Below is a listing; write it out exactly and drop any images from it.

━━━━━━━━━━━━━━━━

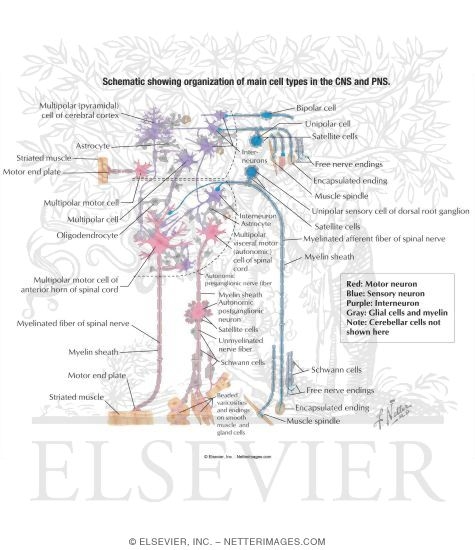Some Cell Types of the Nervous System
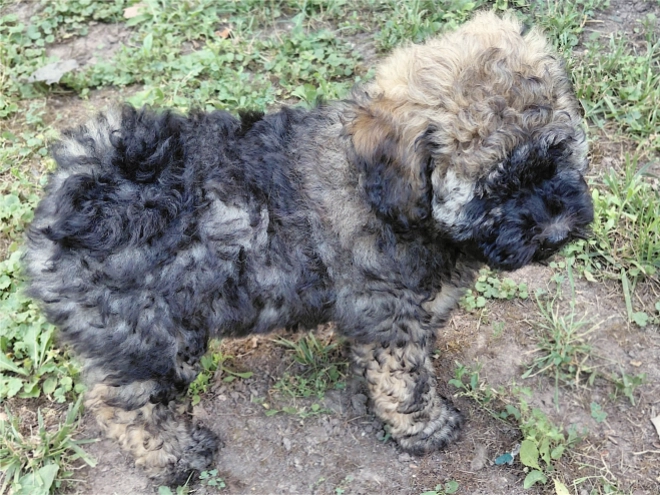 Puli puppy for sale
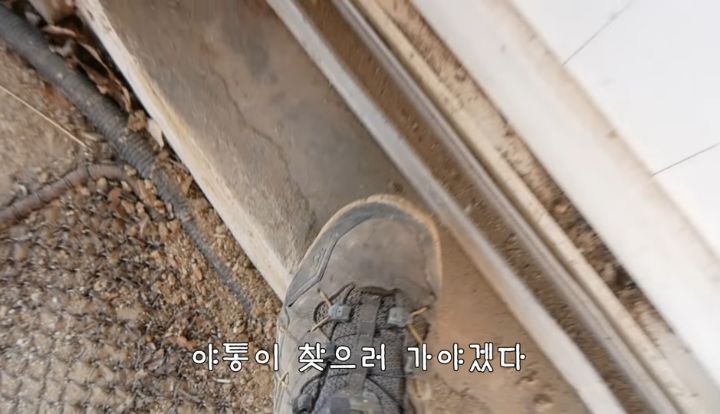 도도와 야통이도 더이상 못볼뻔했다(하하하 hahaha) | 인스티즈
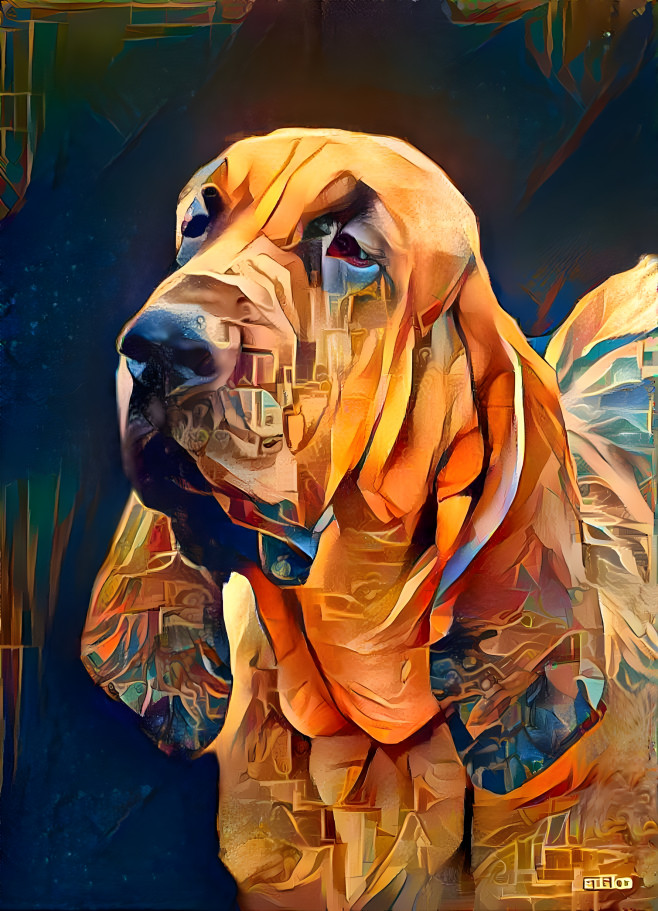 My bloodhound girl PEARLEEN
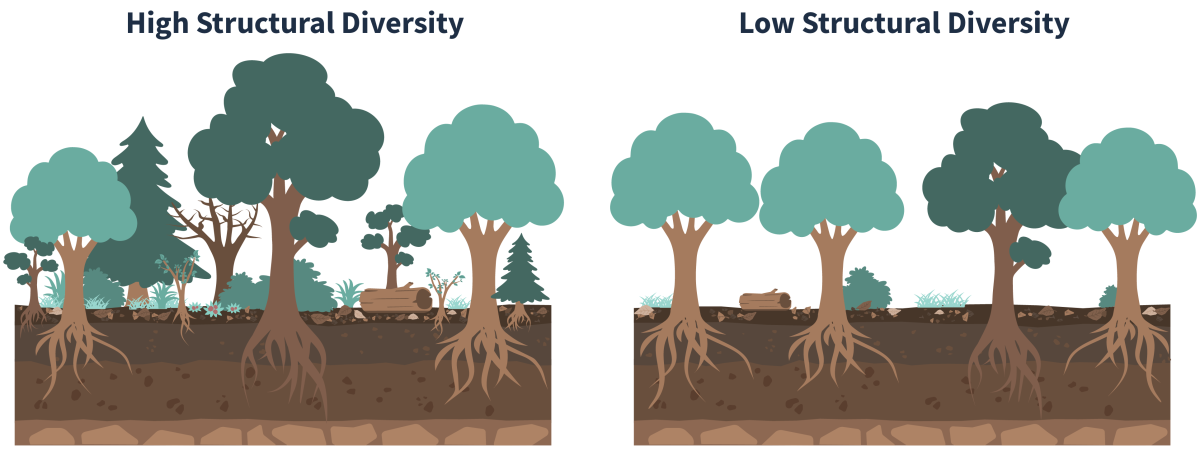 Illustration of a forest with high structural diversity on the left side and low structural diversity on the right side. High structural diversity illustration includes lots of trees, saplings, understory, dead wood, etc., and low structural diversity illustration has even aged simlar trees, less dead wood and understory.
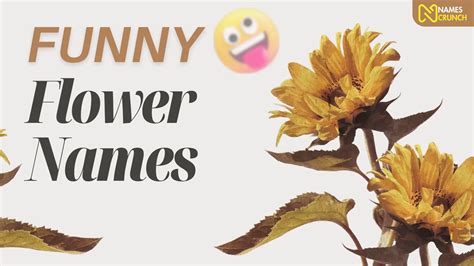 370+ Funny Flower Names [Clever Ideas] - Names Crunch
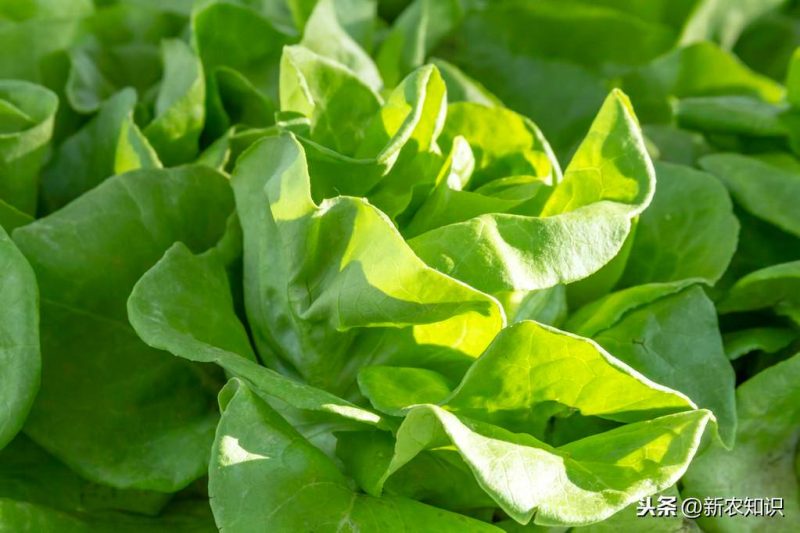 有机蔬菜种植需要什么条件(有机蔬菜种植技术与管理方案)-赚在家创业号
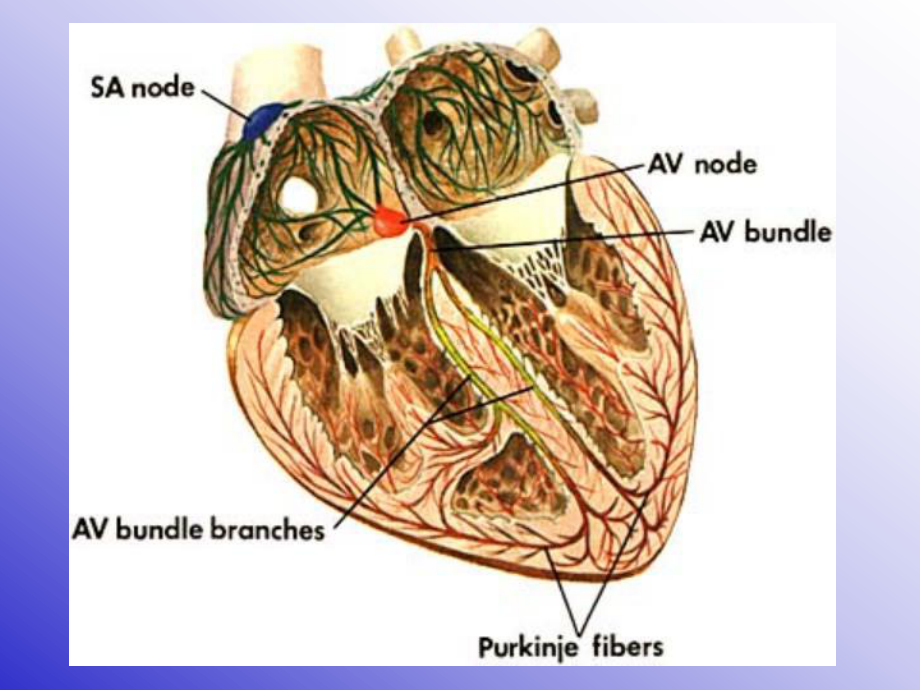 循环系统内科学心律失常-英文教学课件：Arrhythmia Diagnosis and Management.ppt_第2页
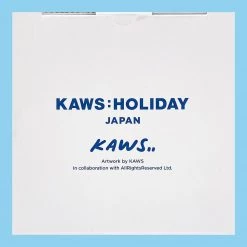 TOY TOKYO KAWS: Holiday - JAPAN Mount Fuji Fire King Mug Set Of 2 Multicolor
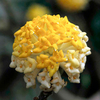Edgeworthia Chrysantha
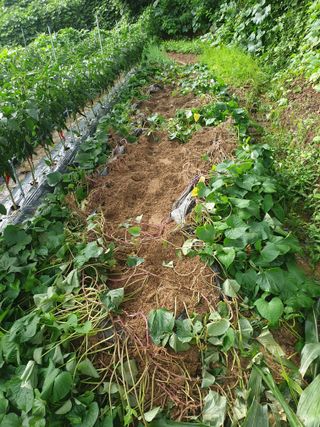 달래님의 고구마 · 병해충상담 작성글 사진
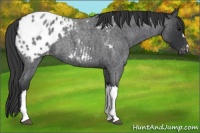 Horse Color:Blue Roan Appaloosa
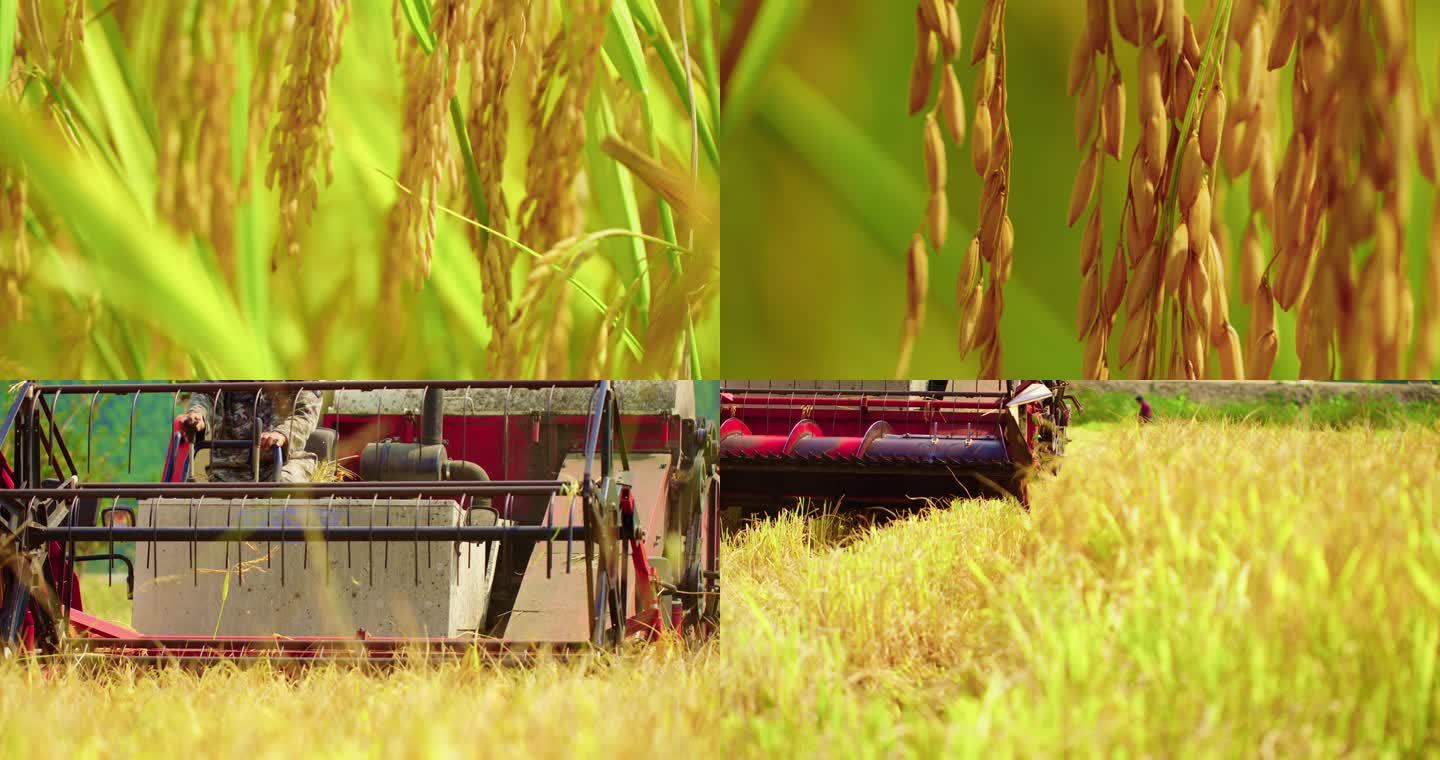 乡村里稻田机器在收割稻谷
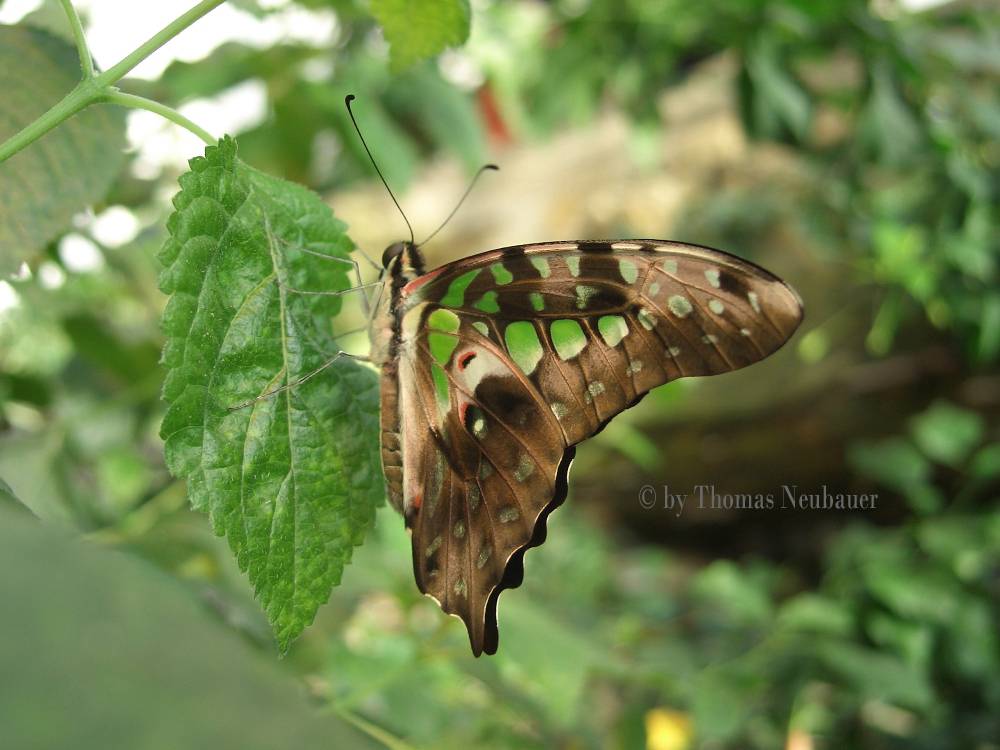 Graphium agamemnon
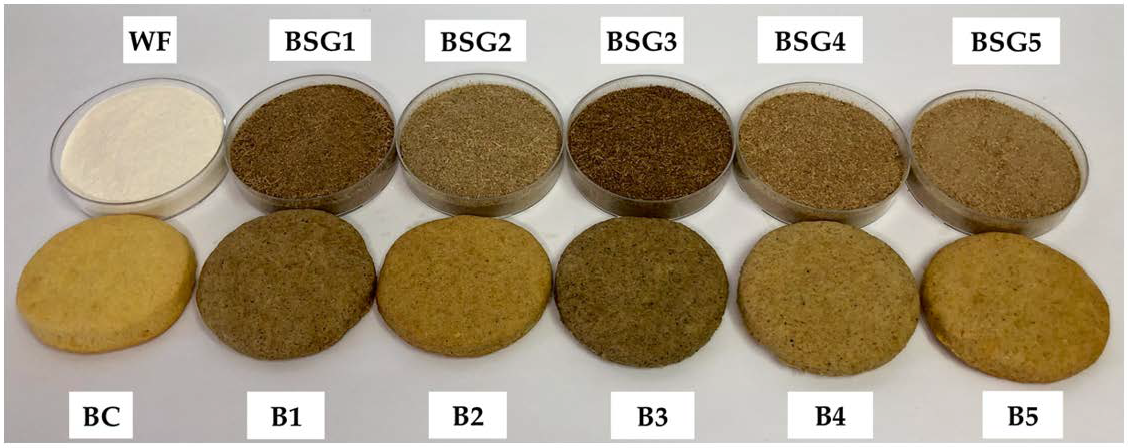 Plants 10 02504 g001 550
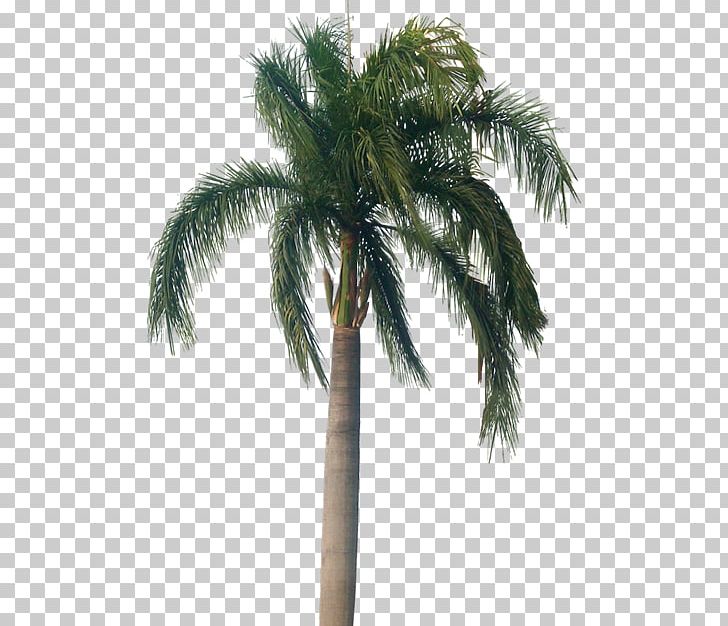 Asian Palmyra Palm Roystonea Regia Arecaceae Tree PNG, Clipart, Arecales, Asian, Attalea Speciosa, Beaucarnea, Borassus Flabellifer Free PNG Download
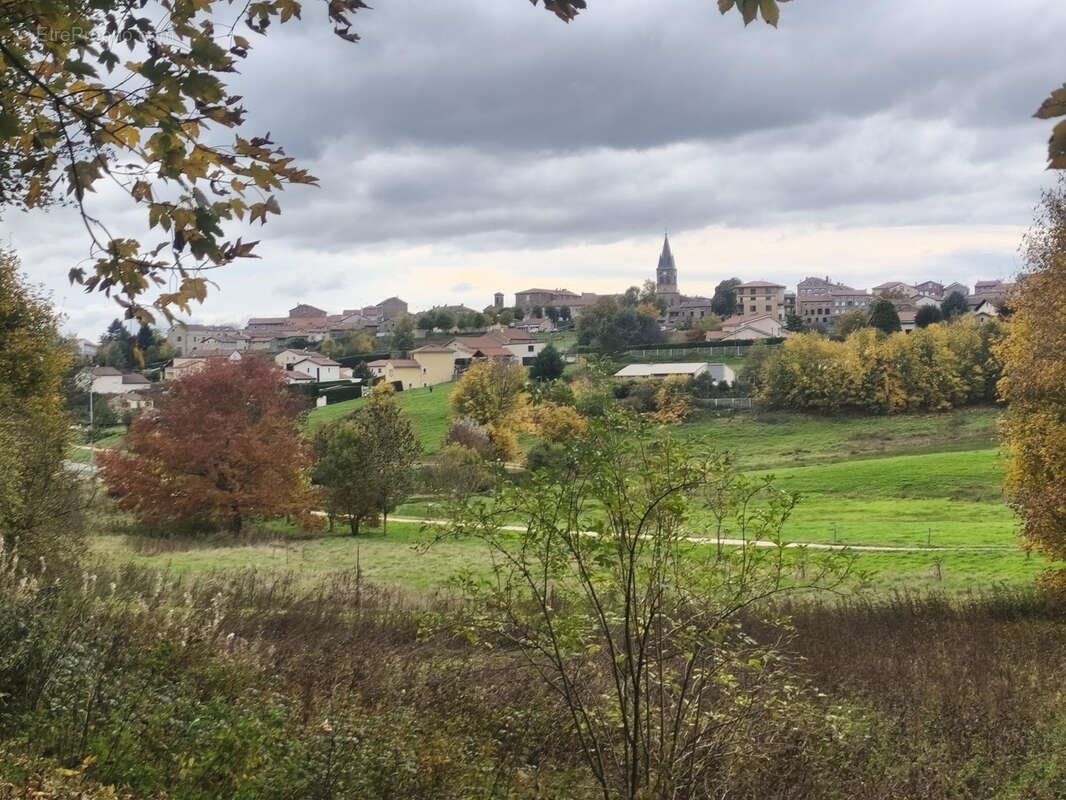 Appartement à SAINT-DIDIER-EN-VELAY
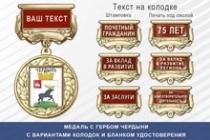 Медаль с гербом города Чердыни Пермского края с бланком удостоверения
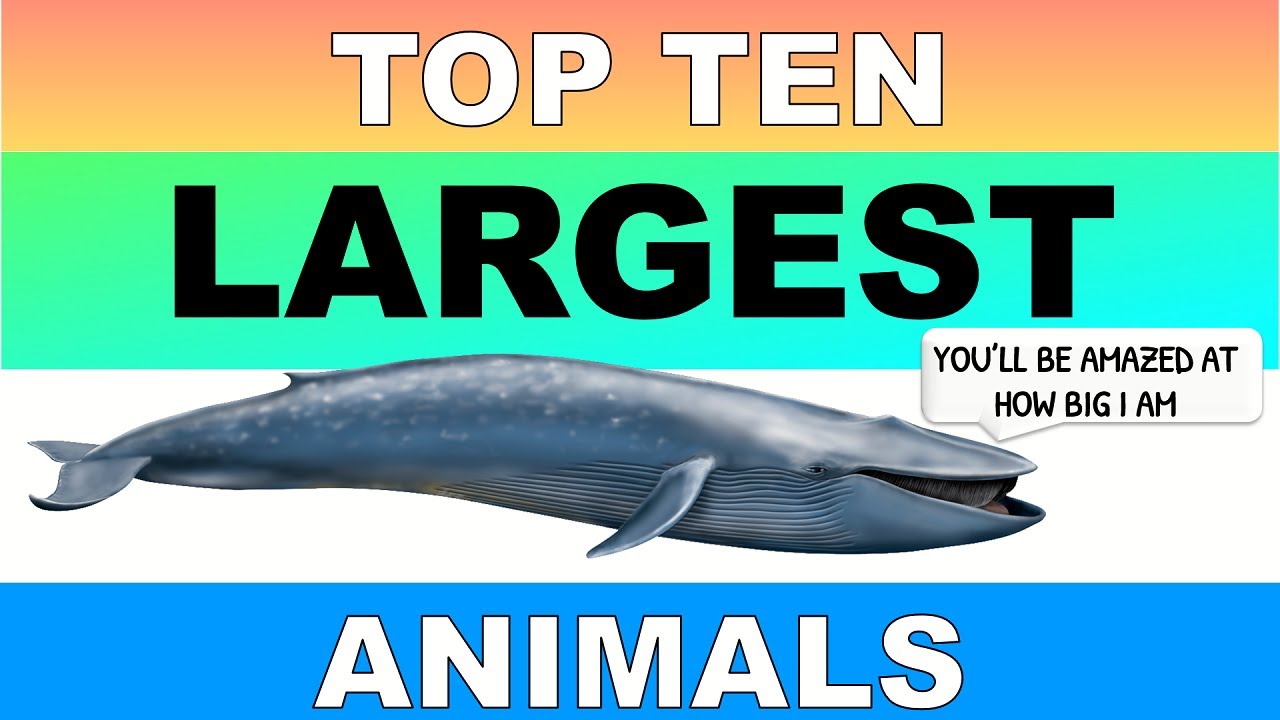 Top 10 Largest Animals in the Wolrd | Top 10 Biggest animals in the world|  Animal Facts guide - YouTube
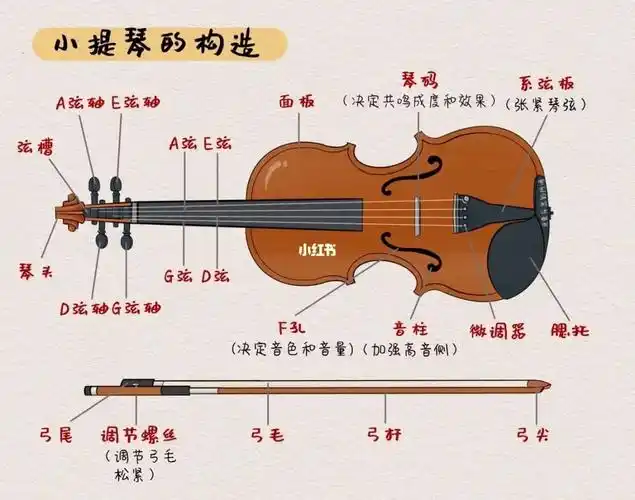 小提琴的干货分享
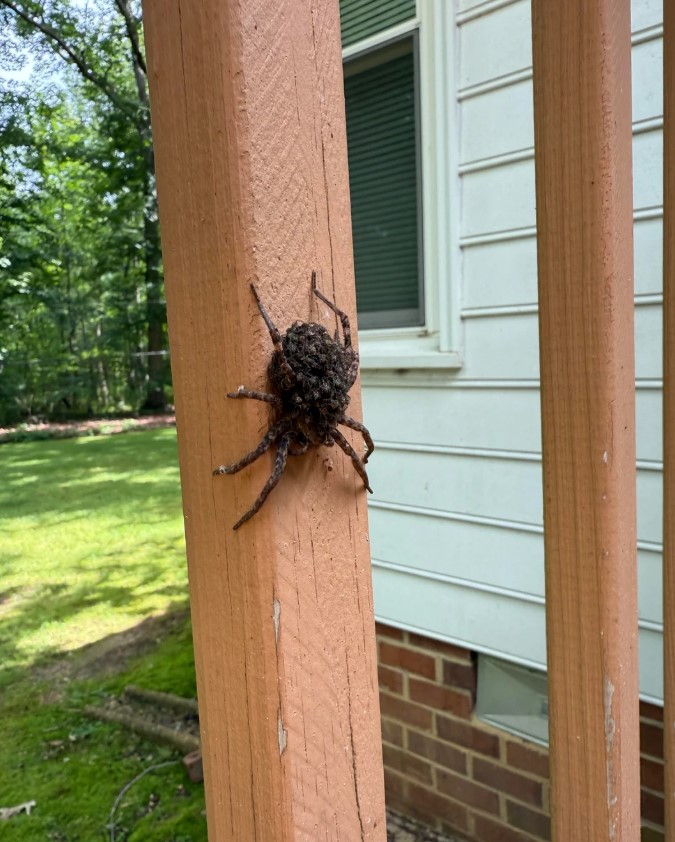 The spider on the post with a house in the background.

━━━━━━━━━━━━━━━━

• **OUTPUT OF THE EXERCISE**
Some Cell Types of the Nervous System
 Puli puppy for sale
 도도와 야통이도 더이상 못볼뻔했다(하하하 hahaha) | 인스티즈
 My bloodhound girl PEARLEEN
 Illustration of a forest with high structural diversity on the left side and low structural diversity on the right side. High structural diversity illustration includes lots of trees, saplings, understory, dead wood, etc., and low structural diversity illustration has even aged simlar trees, less dead wood and understory.
 370+ Funny Flower Names [Clever Ideas] - Names Crunch
 有机蔬菜种植需要什么条件(有机蔬菜种植技术与管理方案)-赚在家创业号
 循环系统内科学心律失常-英文教学课件：Arrhythmia Diagnosis and Management.ppt_第2页
 TOY TOKYO KAWS: Holiday - JAPAN Mount Fuji Fire King Mug Set Of 2 Multicolor
Edgeworthia Chrysantha
 달래님의 고구마 · 병해충상담 작성글 사진
 Horse Color:Blue Roan Appaloosa
 乡村里稻田机器在收割稻谷
 Graphium agamemnon
 Plants 10 02504 g001 550
 Asian Palmyra Palm Roystonea Regia Arecaceae Tree PNG, Clipart, Arecales, Asian, Attalea Speciosa, Beaucarnea, Borassus Flabellifer Free PNG Download
 Appartement à SAINT-DIDIER-EN-VELAY
 Медаль с гербом города Чердыни Пермского края с бланком удостоверения
 Top 10 Largest Animals in the Wolrd | Top 10 Biggest animals in the world|  Animal Facts guide - YouTube
 小提琴的干货分享
 The spider on the post with a house in the background.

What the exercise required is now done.